French Cinema
France is the birthplace of cinema and has been responsible for many innovations in cinematography. Important cinematic movements, including the New Wave (Nouvelle Vague) began in France. France is proud its strong film industry which is distinctively French. Notable features of typical French cinema include:
- slow, subtle and ambiguous plot-lines
- strong character development
- no expectation of happy, predictable, neat or conclusive endings
- an emphasis on art rather than revenue - partly assisted by state subsidies
These elements characterise a product that is noticeably different from the typical output of Hollywood and Bollywood. A few French films have become popular in the English speaking world, but most are completely unknown except to art-house and Francophone audiences. Many successful French films are remade for English speaking audiences who are generally unaware of the fact. Aficionados familiar with both the French original and the English remake rarely regard the remake as remotely as good as the French original. Le Retour de Martin Guerre was remade as Summersby, La Cage Aux Folles, remade as Birdcage Cyrano de Bergerac, ill-advisedly remade with the same name featuring Steve Martin, and Les Visiteurs remade as The Visitors. La Femme Nikita somehow morphed into a US television series!
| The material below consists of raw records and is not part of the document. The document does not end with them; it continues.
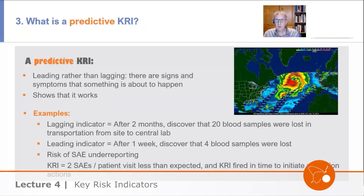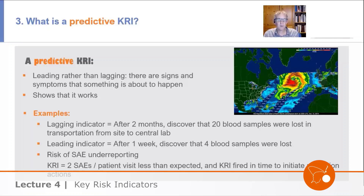Predictive is the third attribute of a key risk indicator. We want it to be a leading indicator — to give us an early signal that a problem is coming. There are signs and symptoms that something is about to happen, and we want to try to get ahead of events. That's the predictive nature of a KRI.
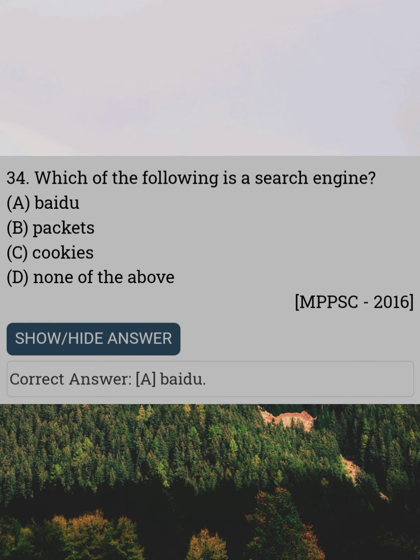Which of the following is a search engine? Answer A: Baidu.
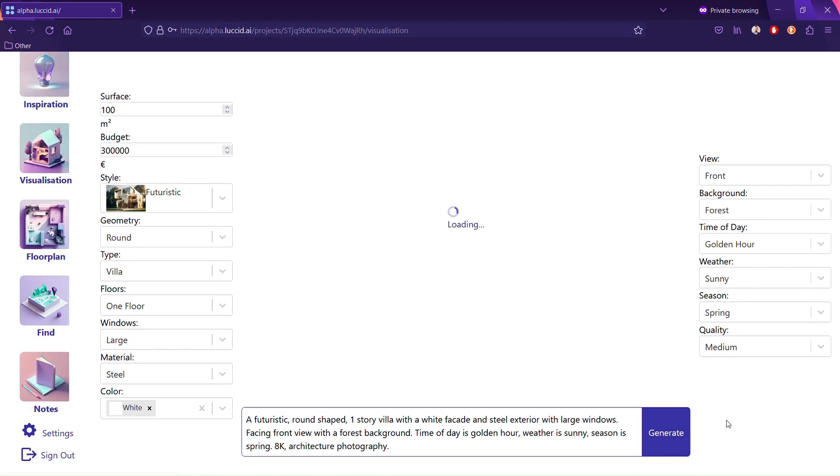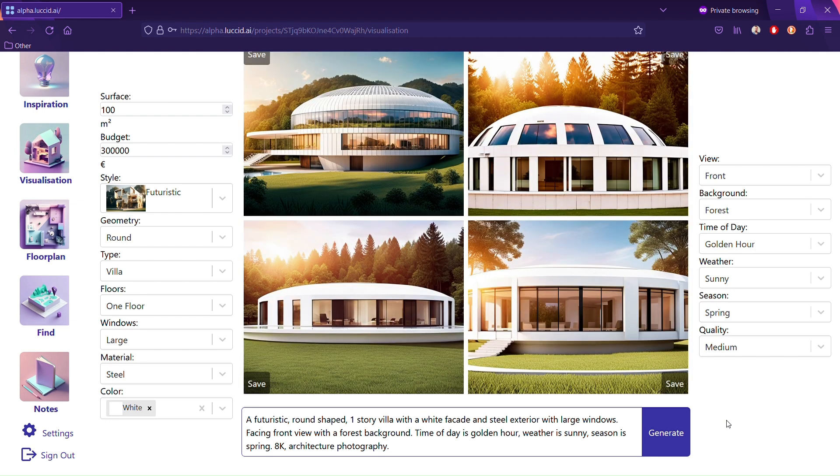You can write in a prompt whatever you want, or on the right side play with visualization. This is an untrained model, so it will get a lot of crazy results, so bear with us.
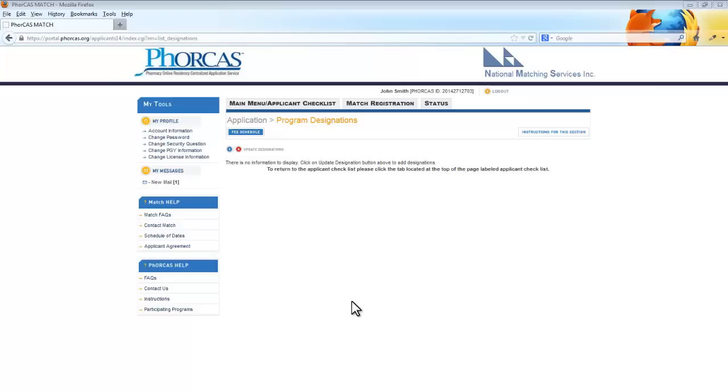Please be aware that you do not need to select all of your designations at one time. When you submit your application, the system will require you to submit and pay to all unpaid designations, even if the deadline for some of the designations has not yet arrived.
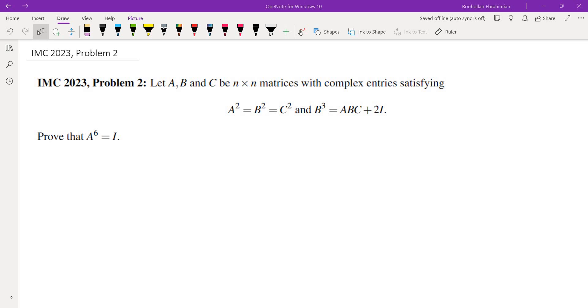Hello, in this video we're going to go over problem 2 from IMC 2023. So here's the problem.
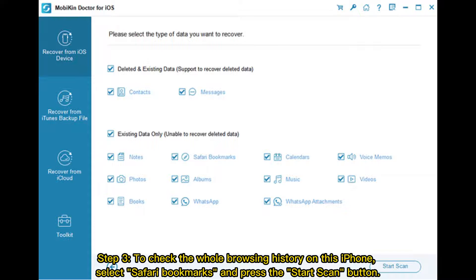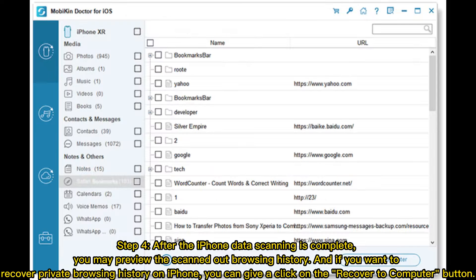Step four: after the iPhone data scanning is complete, you may preview the scanned browsing history. If you want to recover private browsing history on iPhone, click the Recover to Computer button.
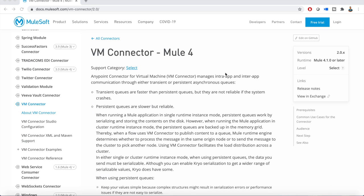Hello everyone. In this session we shall cover high level details about VM Connector - what operations are present in VM Connector as well as how it behaves with each operation.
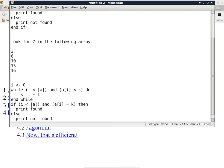How much does this optimization actually save? Assuming an array of 20 items and the search value is evenly distributed — not always small or always large — on average this optimization saves about one half of the comparisons. Not bad for one small change.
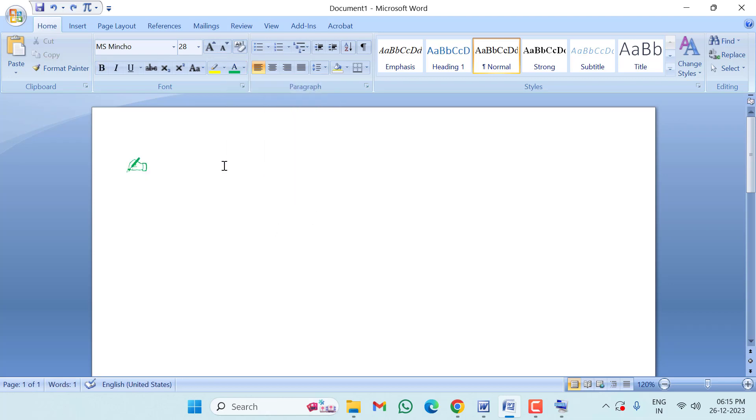That's it guys. So in this video, we inserted or typed signature symbol or icon in MS Word using keyboard shortcut key.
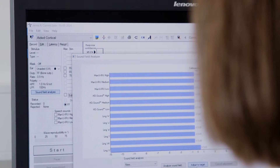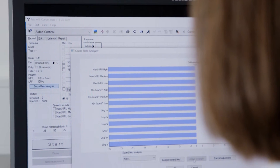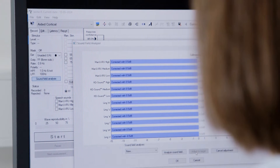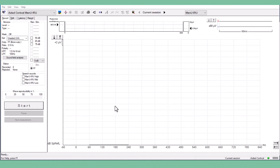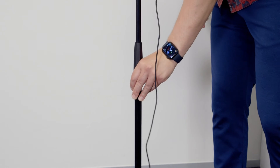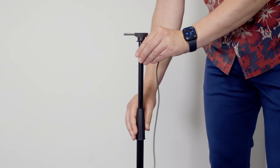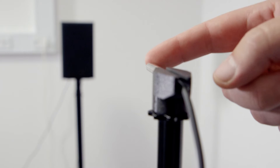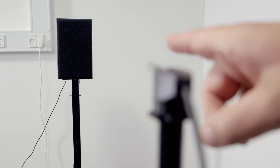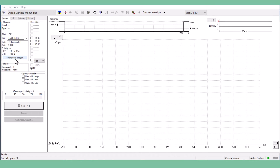We recommend running the Soundfield Analyzer before each aided cortical test you perform. To use the Soundfield Analyzer, first open the aided cortical module in your Eclipse software. Place the ambient microphone where the patient will sit. The microphone should be level with the patient's ear. Click Soundfield Analysis in the menu on the left.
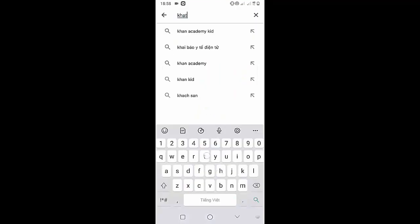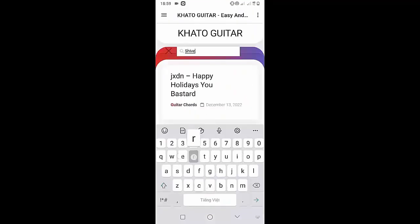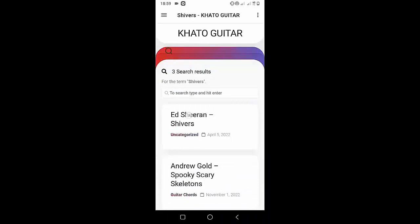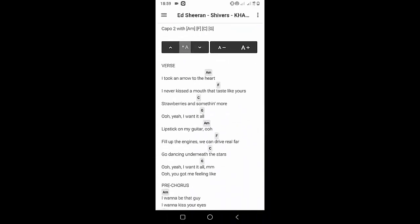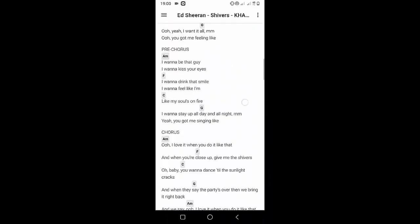Welcome to Kata Guitar Channel. Before going to the song tutorial, download the Kata Guitar Chord Lookup software on the Google Play Store for easy tracking. Now it's time for the video tutorial.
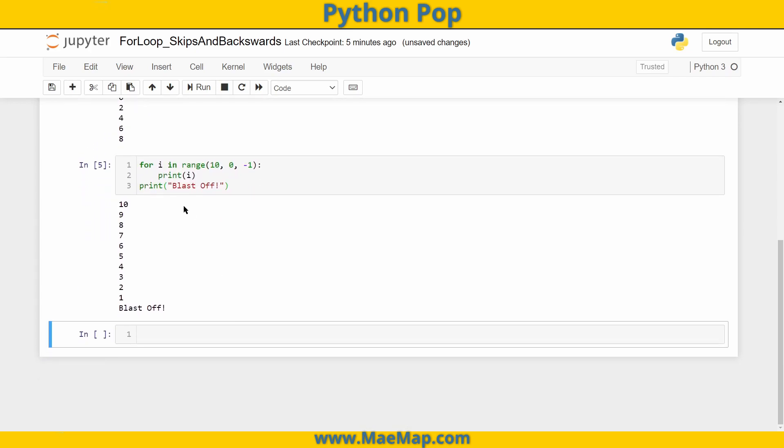And there we go — that's how you use a for loop to count backwards or to skip count. With that we wrap up this video. As always, don't forget to like, subscribe, and share.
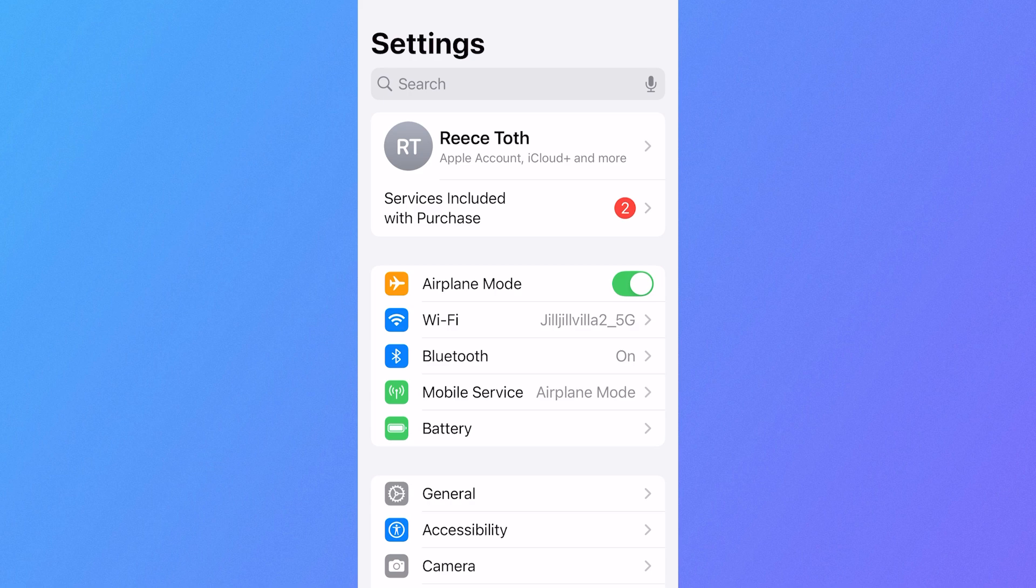So this won't notify anyone that you've turned this on, but it will just make sure that your location is no longer moving and it will be frozen at the point you turn this airplane mode on.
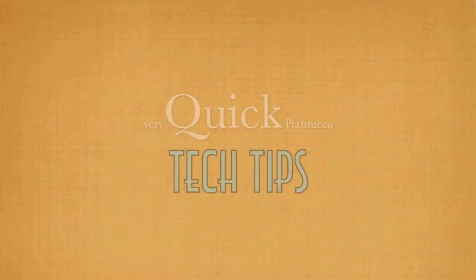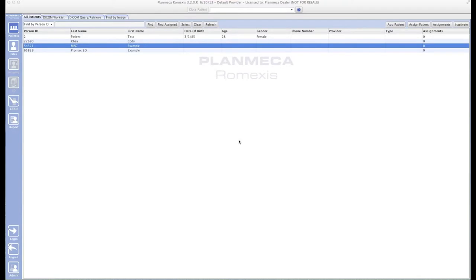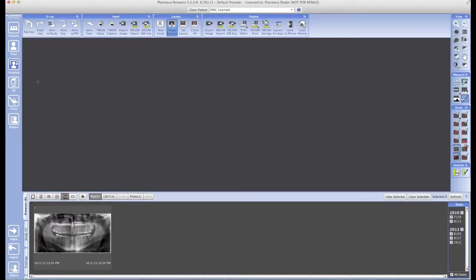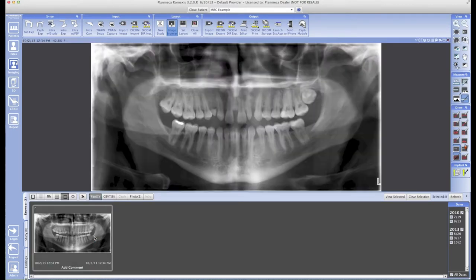I have Romexis open, and the first thing I'm going to show you is how to export your extraoral bitewings, your pans, and other two-dimensional images. Those tend to be easier to do because you don't need a special viewer—pretty much every computer these days is capable of opening a JPEG or TIFF file. So let's get down to it.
The French are particularly good at historical dramas such as Le Retour de Martin Guerre, La Controverse de Valladolid, La Reine Margot, Ridicule and Jean de Florette / Manon Des Sources.
French Film Makers
French language films are made not only in France but other French Speaking countries, such as Canada, Belgium and Switzerland. French cinema is sometimes intertwined with the cinema of other nations. Directors from Poland (Roman Polanski, Krzysztof Kieslowski, and Andrzej Zulawski, Argentina (Gaspar Noe and Edgardo Cozarinsky), Russia (Alexandre Alexeieff, Anatole Litvak) and Georgia (Gela Babluani, Otar Iosseliani) are as famous in French cinema as the native French. French directors have been important in the development of cinema in other countries, most notably Luc Besson in the United States.
History of French Cinema
In the late 19th century, during the early years of cinema, Frenchmen Auguste and Louis Lumière invented the cinématographe and their L'Arrivée d'un train en gare de La Ciotat in Paris in 1895 is considered by many historians to mark the birth of cinematography. Alice Guy Blaché made her first film, La Fée aux Choux, in 1896. During the next few years, filmmakers all over the world started experimenting with this new medium. Georges Méliès invented many of the techniques now common in the cinematic language, and made the first science fiction film Le Voyage dans la Lune (A Trip to the Moon) in 1902.
Alice Guy Blaché was head of production at Gaumont Pictures, where she made some 400 films between 1897 and 1906. She then continued her career in the United States, as did Maurice Tourneur and Léonce Perret after the First World War. During the period between the First World War and the Second World War, Jacques Feyder became one of the founders of poetic realism in French cinema. He dominated French Impressionist Cinema along with Abel Gance, Germaine Dulac and Jean Epstein.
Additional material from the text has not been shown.